Seroter's Daily Reading — #801 (June 9, 2026) — Seroter's Daily Reading

Listen: https://blossom.nostr.xyz/dabbdb7bdd5ca67834d1094d4f7354100fae6f62588dc4116cd90892e7c08db5.mpga

Seroter's Daily Reading, episode 801, June 9, 2026.

I'm really enjoying the quality of content lately around AI practices, risks, and strategies. It strikes a nice balance — not all sunshine and rainbows, not all doom and gloom. Just useful thinking. That tracks with today's episode, so let's get into it.

Starting with a piece called "In the Seams" from Devin Dickerson. This one hits hard for anyone who's been in a large organization or worked on a complex system. His core argument is simple but sharp: in software, the friction almost never lives in the components themselves. It lives in the seams between them. He draws on experience managing a massive distributed EMR system, where the data layer was always the seam — schemas that varied per component, transformations that broke interfaces, features that took nine months to a year to ship to deployment partners. The cook's plate is perfect, he writes, but the meal goes out cold because the handoff happened a beat too late.

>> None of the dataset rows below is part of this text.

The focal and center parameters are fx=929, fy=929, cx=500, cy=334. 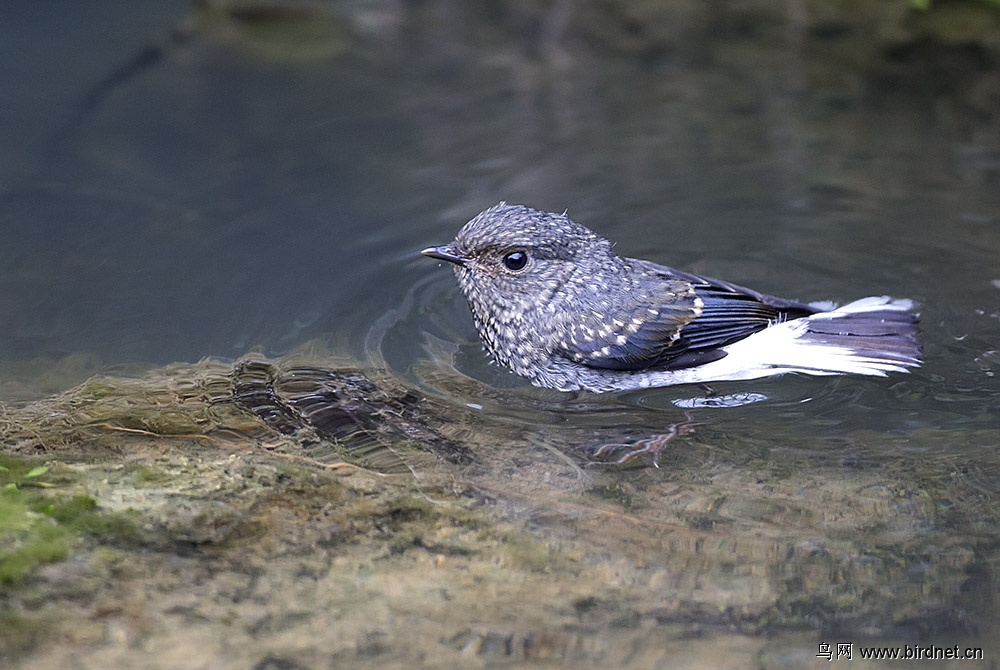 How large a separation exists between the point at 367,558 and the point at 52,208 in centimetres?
435

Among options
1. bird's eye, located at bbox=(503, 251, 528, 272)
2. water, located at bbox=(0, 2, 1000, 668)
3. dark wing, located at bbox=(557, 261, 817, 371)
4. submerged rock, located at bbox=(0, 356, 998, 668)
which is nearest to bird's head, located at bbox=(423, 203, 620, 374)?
Result: bird's eye, located at bbox=(503, 251, 528, 272)

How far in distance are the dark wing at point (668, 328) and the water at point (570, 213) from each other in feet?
0.91

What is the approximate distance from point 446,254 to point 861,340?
2182mm

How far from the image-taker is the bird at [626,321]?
4762 millimetres

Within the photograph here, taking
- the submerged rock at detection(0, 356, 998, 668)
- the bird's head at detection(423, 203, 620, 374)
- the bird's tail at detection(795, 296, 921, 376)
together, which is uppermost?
the bird's head at detection(423, 203, 620, 374)

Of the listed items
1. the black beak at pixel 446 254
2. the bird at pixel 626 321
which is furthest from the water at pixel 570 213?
the black beak at pixel 446 254

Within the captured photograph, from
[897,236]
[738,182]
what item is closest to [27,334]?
[738,182]

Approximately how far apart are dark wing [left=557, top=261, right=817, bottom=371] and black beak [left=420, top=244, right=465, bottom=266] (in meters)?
0.71

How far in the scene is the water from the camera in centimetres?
388

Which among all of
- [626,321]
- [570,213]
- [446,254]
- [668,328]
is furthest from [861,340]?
[570,213]

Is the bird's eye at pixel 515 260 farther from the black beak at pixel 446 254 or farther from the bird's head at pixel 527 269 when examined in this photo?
the black beak at pixel 446 254

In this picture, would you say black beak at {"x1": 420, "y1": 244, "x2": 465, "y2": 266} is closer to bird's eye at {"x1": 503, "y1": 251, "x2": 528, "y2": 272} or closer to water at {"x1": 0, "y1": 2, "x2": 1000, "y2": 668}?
bird's eye at {"x1": 503, "y1": 251, "x2": 528, "y2": 272}

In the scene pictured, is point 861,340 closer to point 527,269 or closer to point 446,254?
point 527,269

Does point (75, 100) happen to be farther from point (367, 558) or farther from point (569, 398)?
point (367, 558) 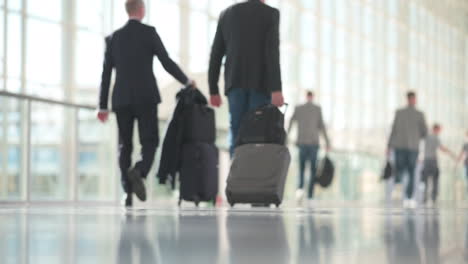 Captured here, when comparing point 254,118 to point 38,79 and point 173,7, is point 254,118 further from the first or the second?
point 173,7

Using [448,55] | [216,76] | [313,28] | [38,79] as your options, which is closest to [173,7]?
[38,79]

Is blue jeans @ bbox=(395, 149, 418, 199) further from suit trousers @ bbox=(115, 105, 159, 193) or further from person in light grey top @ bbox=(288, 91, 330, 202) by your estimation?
suit trousers @ bbox=(115, 105, 159, 193)

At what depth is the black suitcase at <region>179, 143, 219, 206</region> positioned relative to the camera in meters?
7.63

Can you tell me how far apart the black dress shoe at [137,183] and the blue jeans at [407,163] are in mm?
7342

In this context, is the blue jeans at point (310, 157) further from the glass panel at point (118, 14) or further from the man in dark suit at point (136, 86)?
the man in dark suit at point (136, 86)

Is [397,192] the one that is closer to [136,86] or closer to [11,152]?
[11,152]

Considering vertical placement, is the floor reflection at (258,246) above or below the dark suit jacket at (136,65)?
below

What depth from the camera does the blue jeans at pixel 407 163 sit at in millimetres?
14180

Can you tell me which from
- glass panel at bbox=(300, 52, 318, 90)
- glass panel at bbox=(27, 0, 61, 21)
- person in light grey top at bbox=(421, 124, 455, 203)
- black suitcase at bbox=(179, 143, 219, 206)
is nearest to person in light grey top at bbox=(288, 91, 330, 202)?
glass panel at bbox=(27, 0, 61, 21)

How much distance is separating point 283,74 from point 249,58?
63.7 ft

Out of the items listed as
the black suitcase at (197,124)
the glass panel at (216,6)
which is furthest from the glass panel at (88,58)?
the black suitcase at (197,124)

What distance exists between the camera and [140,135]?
780 cm

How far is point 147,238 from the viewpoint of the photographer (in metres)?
2.70

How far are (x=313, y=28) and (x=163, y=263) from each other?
26895 mm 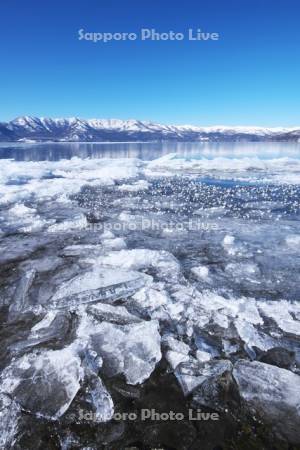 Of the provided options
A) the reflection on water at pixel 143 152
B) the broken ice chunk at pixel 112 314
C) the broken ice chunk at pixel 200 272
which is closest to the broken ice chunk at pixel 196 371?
Result: the broken ice chunk at pixel 112 314

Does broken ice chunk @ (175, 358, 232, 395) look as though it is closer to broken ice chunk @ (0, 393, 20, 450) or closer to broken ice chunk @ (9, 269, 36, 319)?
broken ice chunk @ (0, 393, 20, 450)

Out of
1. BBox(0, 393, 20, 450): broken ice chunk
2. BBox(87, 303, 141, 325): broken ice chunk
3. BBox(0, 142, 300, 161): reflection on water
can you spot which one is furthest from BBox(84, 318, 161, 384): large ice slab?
BBox(0, 142, 300, 161): reflection on water

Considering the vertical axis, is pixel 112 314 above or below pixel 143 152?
above

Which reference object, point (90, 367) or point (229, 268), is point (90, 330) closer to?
point (90, 367)

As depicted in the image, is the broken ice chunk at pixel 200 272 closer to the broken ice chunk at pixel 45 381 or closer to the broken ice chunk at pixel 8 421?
the broken ice chunk at pixel 45 381

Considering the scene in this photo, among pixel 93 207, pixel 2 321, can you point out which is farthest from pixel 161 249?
pixel 93 207

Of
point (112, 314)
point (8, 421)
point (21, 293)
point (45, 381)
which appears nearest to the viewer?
point (8, 421)

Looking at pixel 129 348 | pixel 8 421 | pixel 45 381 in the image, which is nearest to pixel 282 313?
pixel 129 348

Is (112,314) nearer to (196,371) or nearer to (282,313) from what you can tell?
(196,371) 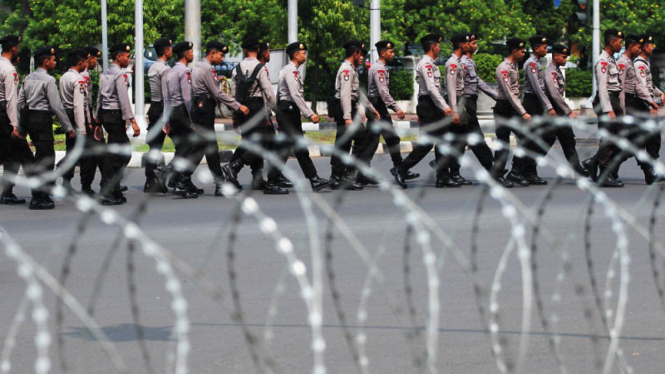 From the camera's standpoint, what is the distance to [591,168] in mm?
12516

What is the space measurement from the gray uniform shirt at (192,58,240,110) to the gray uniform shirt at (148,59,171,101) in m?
0.30

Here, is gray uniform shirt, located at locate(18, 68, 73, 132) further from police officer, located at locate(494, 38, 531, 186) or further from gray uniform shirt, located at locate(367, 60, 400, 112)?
police officer, located at locate(494, 38, 531, 186)

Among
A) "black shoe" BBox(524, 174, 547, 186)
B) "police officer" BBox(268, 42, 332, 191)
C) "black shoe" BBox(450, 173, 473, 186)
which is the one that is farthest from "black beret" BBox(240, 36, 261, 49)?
"black shoe" BBox(524, 174, 547, 186)

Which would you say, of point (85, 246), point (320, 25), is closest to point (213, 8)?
point (320, 25)

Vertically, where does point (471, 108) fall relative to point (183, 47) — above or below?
below

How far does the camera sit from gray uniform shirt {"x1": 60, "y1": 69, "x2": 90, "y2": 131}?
1102cm

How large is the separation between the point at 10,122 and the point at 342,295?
5.50 metres

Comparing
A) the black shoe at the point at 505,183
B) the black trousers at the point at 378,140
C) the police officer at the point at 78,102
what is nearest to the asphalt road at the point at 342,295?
A: the police officer at the point at 78,102

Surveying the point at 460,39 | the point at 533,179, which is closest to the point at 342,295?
the point at 533,179

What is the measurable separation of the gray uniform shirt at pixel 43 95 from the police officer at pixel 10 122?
0.44 feet

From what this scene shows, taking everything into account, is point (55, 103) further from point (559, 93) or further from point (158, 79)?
point (559, 93)

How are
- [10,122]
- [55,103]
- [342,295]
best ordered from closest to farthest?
[342,295] < [55,103] < [10,122]

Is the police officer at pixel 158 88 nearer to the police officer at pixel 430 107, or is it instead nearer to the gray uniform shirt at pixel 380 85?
the gray uniform shirt at pixel 380 85

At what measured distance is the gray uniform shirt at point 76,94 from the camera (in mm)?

His prescription is the platform approach: instead of treating integration as a team or a process, make it a property of the substrate — ideally the data layer. When data is a shared contract that components read and write through, the integration plane stops being a place where features stall. He applies the same frame to AI agents: every chat window with a coding agent is its own seam, renegotiating context and memory each session, unless platform capabilities like agentic memory and MCP absorb that friction. The question worth asking, he says, is not "where are the seams" but "what complexity can we shield our best people from." That's the question the org chart and the architecture diagram were always asking together.

From there, a very practical piece on building interrupt-resilient AI workloads on GKE. If you're running training jobs or batch inference on Spot VMs to save up to 90% on compute, you need to know this: when Google Cloud reclaims a Spot node, it sends an ACPI signal that Kubernetes translates into a SIGTERM. You have up to 15 seconds before SIGKILL. The piece walks through four concrete patterns. First, trap the SIGTERM and handle graceful shutdown — stop accepting new work, flush to disk, exit clean. Second, externalize your checkpoints to Cloud Storage, and on startup, check for a resume point before starting fresh. Third, design for idempotency — use upsert operations rather than blind inserts so that a retried job doesn't create duplicate data. Fourth, decouple your work queue using Pub/Sub rather than a static CSV that the script iterates through — if a node dies mid-job, Pub/Sub automatically re-queues the unacknowledged message and another worker picks it up seamlessly. None of this is exotic. It's just what you have to build if you're going to run on ephemeral compute responsibly.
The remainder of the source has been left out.